Floresta
Administrator
Dołączył: 07 Kwi 2010
Posty: 753
Przeczytał: 0 tematów
Pomógł: 2 razy Ostrzeżeń: 0/5
|
Wysłany: Wto 20:49, 21 Wrz 2010 Temat postu: Monty Roberts - jeździectwo naturalne cz. 2 |
|
|
Udało nam się wykonać poprawne połącznie z koniem. Teraz pora na pierwsze siodłanie i kiełznanie.
1. Oswajanie z rzędem jeździeckim
- prowadzimy konia z dala od wejścia na lonżownik
- zdejmujemy lonżę (koń ma WYBÓR- może się oddalić lub pozostać)
- wnosimy/ ktoś wnosi rząd (siodło, popręg, puśliska, strzemiona, czaprak, ogłowie) i kładzie na środku placu
- spokojnie spacerujemy z koniem z daleka od rzędu, po paru okrążeniech nieznacznie zacięśniamy krąg
- gdy koń przestanie przyglądać się sprzętowi (przyzwyczai się do niego i uzna za nieszkodliwy), należy przypiąć lonżę i podejść do rzędu
- ostrożnie umieść czaprak na kłębie konia i powoli zsuń go na właściwe miejsce
- stań lewym biodrem przy lewej łopatce konia i załóż na niego siodło z podciągniętymi strzemionami,a popręg umieść na jego szyji
- przejdź na drugą stronę i ostrożnie opuść popręg
- przejdź na drugą stronę, włóż pierwszą przystułę w pierwszą sprzęczkę popręgu i podciągnij
UWAGA! Popręg musi być tak mocno dopięty by się nie zsunął przy brykaniu, gdyż może to przestraszyć konia i nadszarpnąć jego zaufanie do nas.

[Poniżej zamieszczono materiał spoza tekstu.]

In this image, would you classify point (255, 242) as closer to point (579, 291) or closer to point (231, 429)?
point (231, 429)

- odpinamy linę i odsyłamy konia; większość koni bryka, ale nie zwracamy na to uwagi, pracujemy dalej.
- gdy przystanie brykać, przystępujemy do ponownego Join up
- zakładamy ogłowie= pasek policzkowy jest dłuższy; zakładamy ogłowie i regulujemy (gdy wędzidło będzie w pysku) długość pasków policzkowych, wodze krzyżujemy i zakładamy za tylny łęk (muszą być luźne)

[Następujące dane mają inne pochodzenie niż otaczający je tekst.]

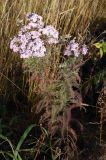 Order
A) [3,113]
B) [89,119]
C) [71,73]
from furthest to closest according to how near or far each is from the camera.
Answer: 1. [89,119]
2. [3,113]
3. [71,73]

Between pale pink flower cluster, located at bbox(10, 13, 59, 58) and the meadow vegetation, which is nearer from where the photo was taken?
pale pink flower cluster, located at bbox(10, 13, 59, 58)

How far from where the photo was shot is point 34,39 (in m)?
2.50

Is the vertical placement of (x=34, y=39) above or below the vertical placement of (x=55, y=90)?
above

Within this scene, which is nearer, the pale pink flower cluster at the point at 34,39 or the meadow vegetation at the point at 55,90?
the pale pink flower cluster at the point at 34,39

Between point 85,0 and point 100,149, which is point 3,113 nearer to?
point 100,149

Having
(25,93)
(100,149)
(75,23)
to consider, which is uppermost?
(75,23)

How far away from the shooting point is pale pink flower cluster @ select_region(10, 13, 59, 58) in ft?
8.04

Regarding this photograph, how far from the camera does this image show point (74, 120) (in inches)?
106

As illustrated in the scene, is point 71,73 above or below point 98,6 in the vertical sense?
below

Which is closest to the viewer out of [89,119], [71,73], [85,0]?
[71,73]

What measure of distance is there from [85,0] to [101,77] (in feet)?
2.22

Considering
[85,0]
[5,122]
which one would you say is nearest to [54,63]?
[5,122]

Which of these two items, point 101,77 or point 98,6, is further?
point 98,6

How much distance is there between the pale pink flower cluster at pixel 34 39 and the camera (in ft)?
8.04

- chodź z koniem po okręgu (bez lonży) tak długo aż zacznie przeżuwać wędzidło
- stań na środku koła, zepnij opuszczone strzemiona przeplecionym puśliskiem (zabezpieczenie przez uderzaniem)= wstęp do pracy na długich linach
http://www.youtube.com/watch?v=GFJpDNW08Cs
Jak rozwiązać problem ze wsiadaniem:
http://www.youtube.com/watch?v=AOPirQr0CSM
* Należy również pamiętać o zachowaniu bezwzględnego spokoju w nawet najbardziej stresujących sytuacjach. Koń wyczuwa gdy podnosi się nam poziom adrenaliny we krwi, a to niepokoi go i powoduje komplikacje przy dalszej nauce. Dlatego też wszystkie czynności przeprowadzane przy koniu muszą być jak najbardziej spokojne i przemyślane.